= Paul Keels =

American sportscaster

Paul Keels is the current play-by-play announcer for Ohio State University's football and men's basketball teams for WBNS Radio and the Ohio State Sports Network.

A native of Cincinnati, Keels began his broadcasting career in his hometown as a news anchor/reporter for WLW Radio in 1979. The following year, he moved to Detroit to work for WJR Radio to call games for the NBA Detroit Pistons (1980–1981), and then to WWJ Radio to call football and basketball for the University of Michigan from 1981–1987.

Following a year at UPI Radio Network in Washington DC, Keels returned to Cincinnati in 1988 to become the voice of the University of Cincinnati Bearcats and host a sports talk show on WCKY-AM. From 1992–1995, he hosted a morning news show on WHIO Radio in Dayton. In 1994, he again became play-by-play voice for the University of Cincinnati. In 1996, he started to do play-by-play duties for the Bengals. Following the 1996 football season, WLW's parent company, Jacor Communications, lost the rights to the Bengals, and Keels continued broadcasting football and basketball for the University of Cincinnati. He joined WBNS radio and the Ohio State Buckeyes Radio Network in 1998.

Keels also worked for the Cincinnati Bengals as a preseason announcer on WKRC-TV from 2000–2010, and worked on the Cincinnati Reds television broadcasts for Fox Sports Ohio in 2010. He is also the author of Tales from the Buckeye Championship Season, which recounts the Buckeyes' 2002 National Championship run.
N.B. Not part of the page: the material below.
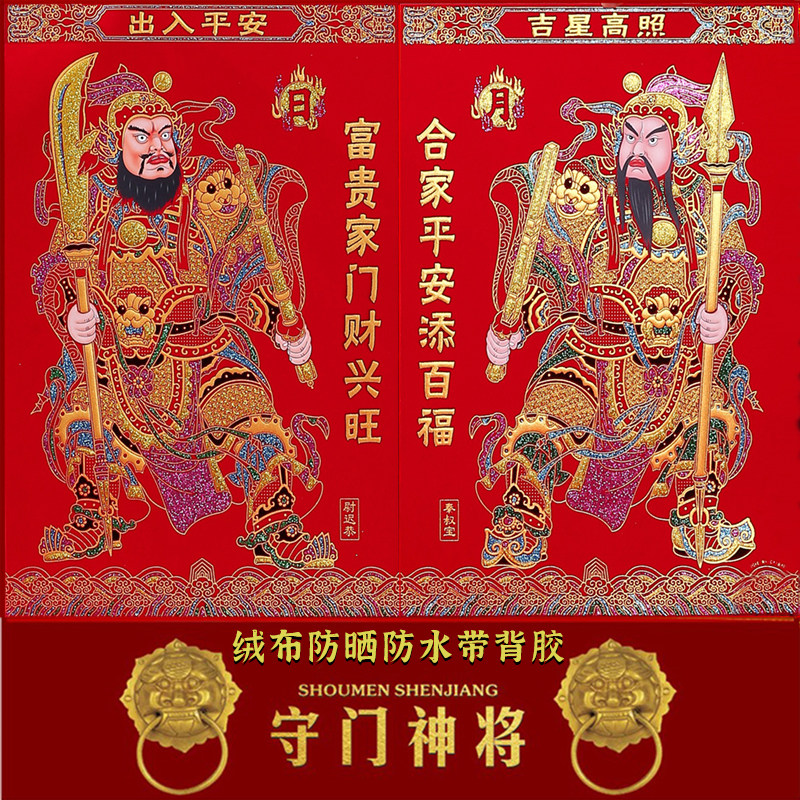 2022虎年春节门神门贴植绒布烫金大门贴新年防水防晒自粘门神年画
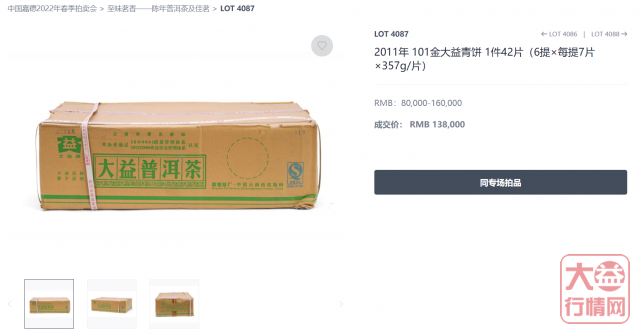 水煮大益(五十五):那些出现在拍卖会上的大益茶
On November 5, 2023, Keels substituted as a radio play-by-play announcer for the Cleveland Browns.

==Awards and honors==
- Five-time NSMA Ohio Broadcaster of the Year (2007 - shared with Marty Brennaman, 2010, 2011, 2012, 2021)
- Ohio Broadcasters Hall of Fame Inductee (class of 2007)

==Personal life==
Keels graduated from Moeller High School in Cincinnati, and studied communications at Xavier University.